I wanted to find out the micron thickness coating for nickel metal being plated on ms parts.
Plating area will be in mm and time will be in minutes.
Your response be of great help. Thank you so much.
Regards
Plating Team Lead - Mumbai, India
January 10, 2023
A. Hi Krishna. Sorry, the "Electrochemical Equivalents" chart in the Metal Finishing Guidebook is in English units, not metric. But it does at least give you the factor 1.095 grams per amp-hour for nickel (at 100% efficiency). I don't know of any availability of that chart in metric, but if your team generates it we'll be happy to post it :-)
Meanwhile, you can calculate it for nickel from Faraday's Law and the example on this thread.
Luck & Regards,
Ted Mooney, P.E. RET
Striving to live Aloha
finishing.com - Pine Beach, New Jersey
⇩ Related postings, oldest first ⇩
Q. I am currently conducting a Hull Cell test to find out the relationship of Sn/Pb plating thickness with current. I used 0.5 to 5 Amperes of current. In this connection, I would like to know if you have any previous studies on this topic and if there is could you please send it to me. Is there an equation already existing on this relationship? What is it? The results of this experiment will be used for predicting plating thickness for a given current.

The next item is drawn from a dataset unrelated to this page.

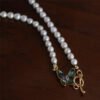 Butterfly Shell Pendant Freshwater Pearl Necklace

Please respond as soon as possible.
Thank you and More Power!
Leah B. Patino- Cebu, Philippines
2001
A. Hello, Leah. "Faraday's Law of Electrolysis" explains it. It says that one Faraday of electricity (96,485 ampere-seconds) will electrodeposit one gram molecular weight on the cathode.
Ted Mooney, P.E.
Striving to live Aloha
finishing.com - Pine Beach, New Jersey
Q. Sorry, I was not able to stress in my letter that I am more interested in other equations or correlations between the relationship of plating thickness and current aside from the Faraday's Law. Is there one existing?
Regards,
Leah B. Patino [returning]- Cebu, Philippines
sometimes on
AbeBooks or Amazon
(affil links)
free pdf is currently available from academia.edu
A. Hello again Leah. I'm not sure whether I am misunderstanding you, or you are misunderstanding me, but there is little more to say about the relationship between the amount of electricity used and the quantity of the deposit after Faraday's Law has been introduced because it explains the simple science behind it: if you pump "x number" of electrons (measured in ampere-seconds) through the external wiring from the anode to the cathode, an equal number of positive charges must flow from the anode to the cathode to balance it. The general way that this occurs is the resulting metallic ions (which were stripped of some of their electrons) oxidize & dissolve into solution, and migrate across to the cathode, where they are reduced to metal again when they re-meet the electrons.
In actual practice, though, some portion of the excess electrons at the cathode can't wait for the metal ions from the anode to reach them and will instead pull an H+ ion out of the aqueous (H20) solution, leaving behind an OH- ion. For each two H+ ions pulled from solution, one molecule of H2 gas will evolve at the cathode. The percentage of the applied current which actually deposits metal is called the "efficiency". Chrome plating is notoriously inefficient, maybe 12-25%, but many plating baths are 90-99% efficient if operated at low current. Efficiency cannot be maintained at high currents because, if you try to plate too fast, metal ions will not be able to migrate across the solution and through the boundary layer quickly enough to keep up, and more H+ ions will have to be be pulled out of the solution.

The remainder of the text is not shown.